■ **Data to use**:
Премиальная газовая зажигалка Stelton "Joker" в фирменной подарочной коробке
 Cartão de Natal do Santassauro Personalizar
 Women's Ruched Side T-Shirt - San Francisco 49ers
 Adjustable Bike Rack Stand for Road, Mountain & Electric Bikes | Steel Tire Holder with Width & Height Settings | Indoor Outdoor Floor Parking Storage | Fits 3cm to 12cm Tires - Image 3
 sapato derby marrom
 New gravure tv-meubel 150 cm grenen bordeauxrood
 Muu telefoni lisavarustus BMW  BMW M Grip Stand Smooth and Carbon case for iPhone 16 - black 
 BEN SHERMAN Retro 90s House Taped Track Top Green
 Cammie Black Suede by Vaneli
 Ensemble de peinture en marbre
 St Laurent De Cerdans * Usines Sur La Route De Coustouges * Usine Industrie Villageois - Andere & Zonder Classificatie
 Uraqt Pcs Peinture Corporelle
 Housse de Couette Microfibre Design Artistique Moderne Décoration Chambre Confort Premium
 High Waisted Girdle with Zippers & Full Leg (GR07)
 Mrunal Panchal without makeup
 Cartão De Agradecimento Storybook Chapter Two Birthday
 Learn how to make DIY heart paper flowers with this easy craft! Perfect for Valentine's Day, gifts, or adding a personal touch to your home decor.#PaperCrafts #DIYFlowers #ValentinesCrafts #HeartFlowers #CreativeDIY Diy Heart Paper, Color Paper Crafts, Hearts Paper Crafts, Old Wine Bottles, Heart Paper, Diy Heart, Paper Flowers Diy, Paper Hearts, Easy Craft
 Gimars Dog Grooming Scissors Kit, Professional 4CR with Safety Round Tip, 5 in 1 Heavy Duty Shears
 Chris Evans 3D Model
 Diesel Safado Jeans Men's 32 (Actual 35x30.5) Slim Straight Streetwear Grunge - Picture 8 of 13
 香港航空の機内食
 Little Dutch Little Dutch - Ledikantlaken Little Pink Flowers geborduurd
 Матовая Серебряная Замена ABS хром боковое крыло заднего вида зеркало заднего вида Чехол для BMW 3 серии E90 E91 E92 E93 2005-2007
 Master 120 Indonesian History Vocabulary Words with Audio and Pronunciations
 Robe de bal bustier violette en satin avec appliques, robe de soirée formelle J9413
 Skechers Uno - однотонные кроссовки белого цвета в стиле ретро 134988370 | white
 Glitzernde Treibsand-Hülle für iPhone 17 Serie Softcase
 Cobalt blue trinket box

■ **Exercise details**: The lines from the one holding "High Waisted Girdle" through the end of the listing above are to be written out exactly, both ends included, and no others.

■ **Reply**:
 High Waisted Girdle with Zippers & Full Leg (GR07)
 Mrunal Panchal without makeup
 Cartão De Agradecimento Storybook Chapter Two Birthday
 Learn how to make DIY heart paper flowers with this easy craft! Perfect for Valentine's Day, gifts, or adding a personal touch to your home decor.#PaperCrafts #DIYFlowers #ValentinesCrafts #HeartFlowers #CreativeDIY Diy Heart Paper, Color Paper Crafts, Hearts Paper Crafts, Old Wine Bottles, Heart Paper, Diy Heart, Paper Flowers Diy, Paper Hearts, Easy Craft
 Gimars Dog Grooming Scissors Kit, Professional 4CR with Safety Round Tip, 5 in 1 Heavy Duty Shears
 Chris Evans 3D Model
 Diesel Safado Jeans Men's 32 (Actual 35x30.5) Slim Straight Streetwear Grunge - Picture 8 of 13
 香港航空の機内食
 Little Dutch Little Dutch - Ledikantlaken Little Pink Flowers geborduurd
 Матовая Серебряная Замена ABS хром боковое крыло заднего вида зеркало заднего вида Чехол для BMW 3 серии E90 E91 E92 E93 2005-2007
 Master 120 Indonesian History Vocabulary Words with Audio and Pronunciations
 Robe de bal bustier violette en satin avec appliques, robe de soirée formelle J9413
 Skechers Uno - однотонные кроссовки белого цвета в стиле ретро 134988370 | white
 Glitzernde Treibsand-Hülle für iPhone 17 Serie Softcase
 Cobalt blue trinket box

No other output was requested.